''Zapaliło się nad nami światełko''
W teatrze nie tylko czuła się spełniona, ale i znalazła miłość. Choć, jak przyznaje, nie było to uczucie od pierwszego wejrzenia.
- Kiedy Maciej [Englert], jeszcze w trakcie studiowania reżyserii, pojawił się w teatrze, ja byłam już aktorką z nazwiskiem, po wielu sukcesach. Dopiero po jakimś czasie zapaliło się nad nami światełko – opowiadała w wywiadzie dla Tele Tygodnia. - A żeby historia naszej znajomości ładniej brzmiała, opowiadamy, że było to spotkanie na scenie „Chłopca z deszczu” z Lizelottą w "Dwóch teatrach" Szaniawskiego.

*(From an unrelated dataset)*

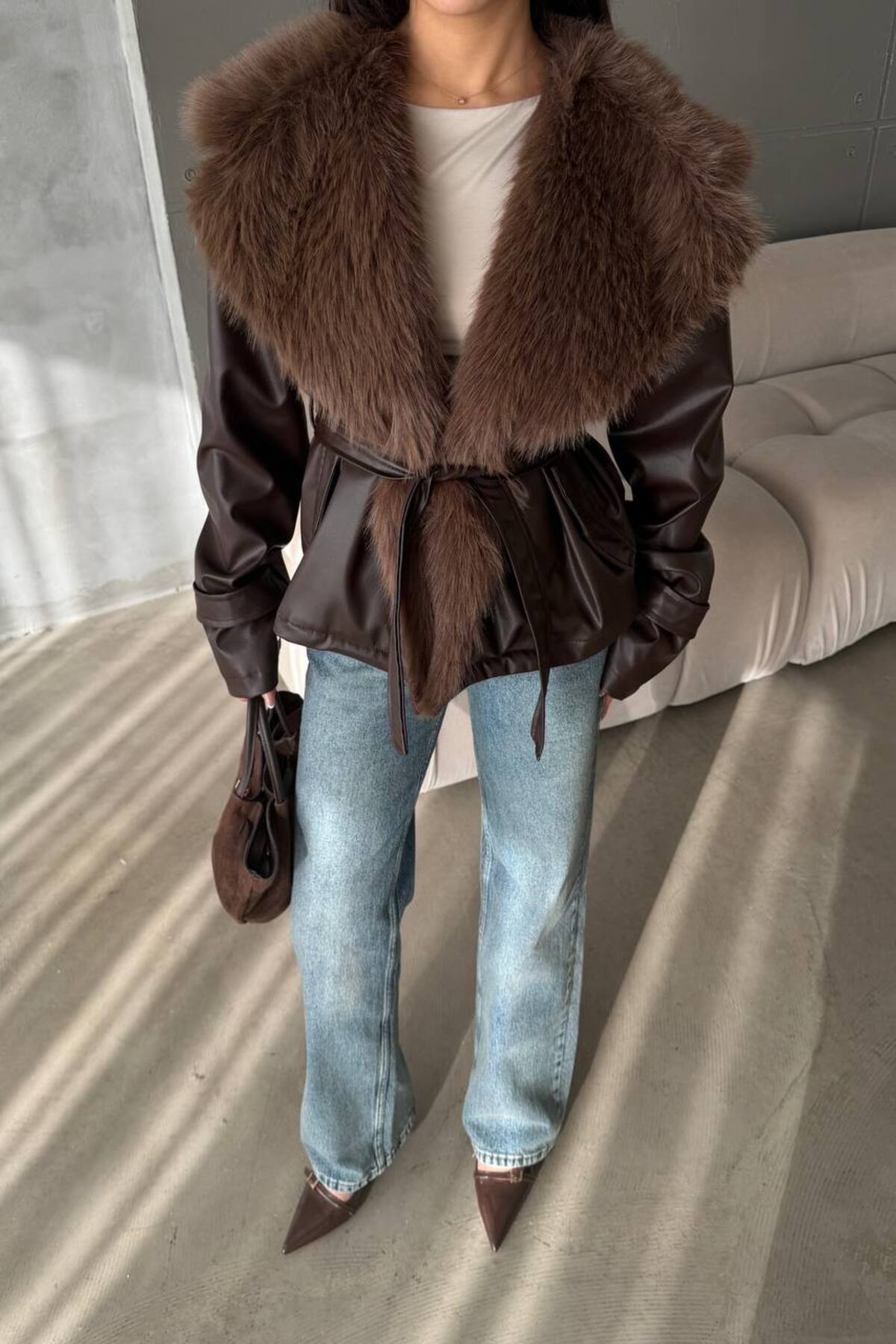 ÖNER  Yeni Sezon Kadın Deri Mont Kürk Yaka Mont Deri Kürk Yaka Deri Ceket Mont Kadın - Görsel 3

Wreszcie postanowili się pobrać i założyć rodzinę
- Chciałam urodzić dziecko właśnie temu mężczyźnie – cytuje słowa aktorki magazyn Świat & Ludzie. - Kariera przestaje być w takim momencie ważna... Macierzyństwo zdarzyło mi się w dobrym momencie. Byłam już po trzydziestce, zdążyłam się wyszaleć - zdradza pani Marta.